I hope he's okay, but bettas have survived worst experiences, thank goodness. (I recall reading that someone's betta got stuck on the floor for bout four hours, and turned out fine. )


----------



## 16kehresmann (Feb 5, 2014)

Everyone makes mistakes, Live and learn, but don't blame yourself! I've only really had once experience with a betta falling and it was at least a 2 foot fall and she had to have been on the floor for a while.. She recovered just fine so hopefully your little Gilbert does too!


----------



## uhmkatiemarie (Jul 9, 2014)

I mean, he's fallen into a litter box from a high place and lived. I expect him to be okay, but holy moley. It scared me so bad because I was there and it was my fault. Poor little dude :/


----------



## NeptunesMom (May 4, 2012)

uhmkatiemarie said:


> I mean, he's fallen into a litter box from a high place and lived. I expect him to be okay, but holy moley. It scared me so bad because I was there and it was my fault. Poor little dude :/


How did he fall into a litter box?


----------



## MameJenny (Jun 11, 2012)

One of mine jumped out of a net and fell about a foot onto my desk once. He was a bit stressed, but was otherwise fine. As long as you got him back in water immediately, he'll probably be fine.


----------



## magikb3anz (Oct 6, 2013)

Once my betta jumped out of the net and landed on the table. He only fell a few inches though. I scooped him up with my hands before he could flop his way onto the floor. Other than a few torn up fins he was fine. You'd be surprised how resilient bettas can be.


----------



## SkyDye (Jun 29, 2014)

I'm sure he is ok  Once my mother was moving a picture frame from around My boys old 1 gallon, she accidentally knocked his entire tank over and a gallon of water with gravel along with my beloved boy crashing/splashing to the ground and it was around a 3 and a half foot drop. It took me around 5 minutes before we found him because his tail and fins blended in with the gravel. When I finally found him I was in such a rush I had to run and put him in a little cup of tap water so I could set up his tank that would be conditioned and such. I thought he wasn't going to make it at first. But to this day he is alive and kicking! They are very tough fish. I am sure he will be fine


----------



## fleetfish (Jun 29, 2010)

I remember, a loooong time ago, having one of my new female bettas - and she was all settled in, cozy in her tank - jump out of the water. Right under her was a hot bowl of macaroni and cheese fresh out of the oven and it was HOT. I scooped her up as soon as I found her, a good five minutes later after a frantic search on the carpet (she was the same colour as the cheese) and plopped her back in the tank. She lived for a good time after with no problems. She even got her name, Mac, from the incident. 

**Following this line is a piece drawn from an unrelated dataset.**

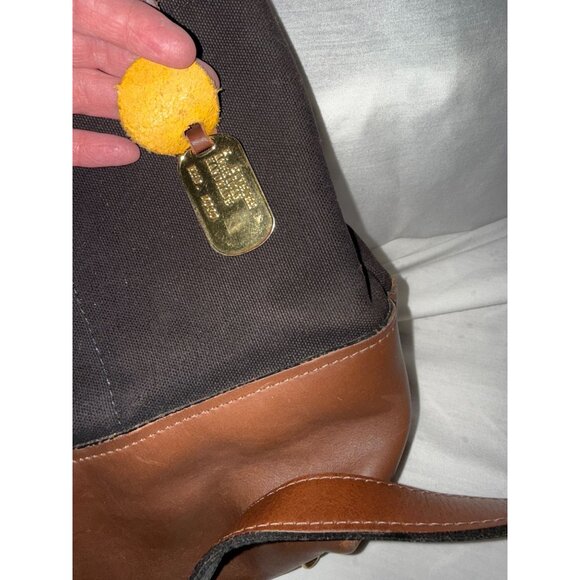 R. Riveter Black Canvas  Leather HM Tote Bag OTTO Adjustable Crossbody Strap USA - Picture 4 of 10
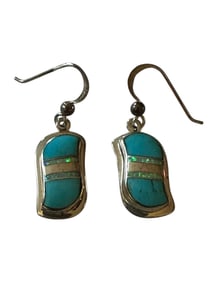 Old Pawn Turquoise and Opal Inlay & Sterling Silver Dangle Wire Earrings, Signed and Stamped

What you might want to do is darken the tank with a towel or with indian almond leaf or black water extract to reduce stress and watch him for a few days just in case any fin rot or fungus occurs. If those things happen, don't hesitate to ask for help


----------



## uhmkatiemarie (Jul 9, 2014)

NeptunesMom said:


> How did he fall into a litter box?


I had him on a tall shelf in his travel bowl and I had the lid off for feeding. A cat was either curious or evil and knocked him off into the litter box right below. I think it was an accident because he was still in the box and wasn't bitten or pawed or anything. Or cats dont like to eat food out of their poo box. Either way, I'm thankful he lived!


----------



## averyecho (May 2, 2014)

Yeah, it may be a cute trick now, but that always seems to happen.
I've only ever seen my Sapphire do a true jump. Smaug's fins are too heavy, Spirit's too old, and Lightning is sick. She got out of her tank twice, both times she landed in another tank and I was there to help her, so she was ok. Although none of my fish have hurt themselves by jumping, I've seen other people's fish be really really scary. One of my friends had her first betta in this tiny little 0.25 gallon bowl with no lid. I told her he would jump out. My friend didn't believe me of course. But when I was over there this one time, we were looking at the betta, and as I was trying to explain to my friend that he would do much better in my spare 3 gallon, we heard a PLOP. The poor little betta flopped right off the dresser and fell 4 feet into a pile of dog-hair covered dirty laundry. It took me 5 minutes to get him into my hands becuase my friend was screaming and shaking me. I washed him off with warm tap water and put him back in the bowl. He was really lethargic after that, even when he got a 5 gallon, but he still survived for several more years. My friend never kept her fish without a lid again. And that's also why I have a severe phobia of taking the lid off.
Flashbacks aside, I really hope he gets better. Good luck, most likely he'll be fine.


----------



## uhmkatiemarie (Jul 9, 2014)

Thanks! He is doing fine now. Even making bubble nests! I keep a lid on him always! Theres just a hole in the top thats about as round as a thumb and I just accidentally yanked him out when he bit the qtip! Whoops!


----------



## Sabina88 (Aug 24, 2013)

I personally don't have any lids/covers on any of my tanks, except for half a side of my 50 gallon since it came with the covers. Ive never once had any of my bettas jump out of their tanks, even the two that will jump a little to get a pellet from my finger. Fingers crossed none of them get any bright ideas 

I do remember one time while I was cleaning my 40 gallon sorority tank, I had taken all of my girls out and was on the last one. And she decided to jump from the net and landed on our tiled floor. It must have been about 4 feet from where I was holding the net to floor. Luckilly she was just a bit shocked and was a bit lathergic. But she's been fine ever since.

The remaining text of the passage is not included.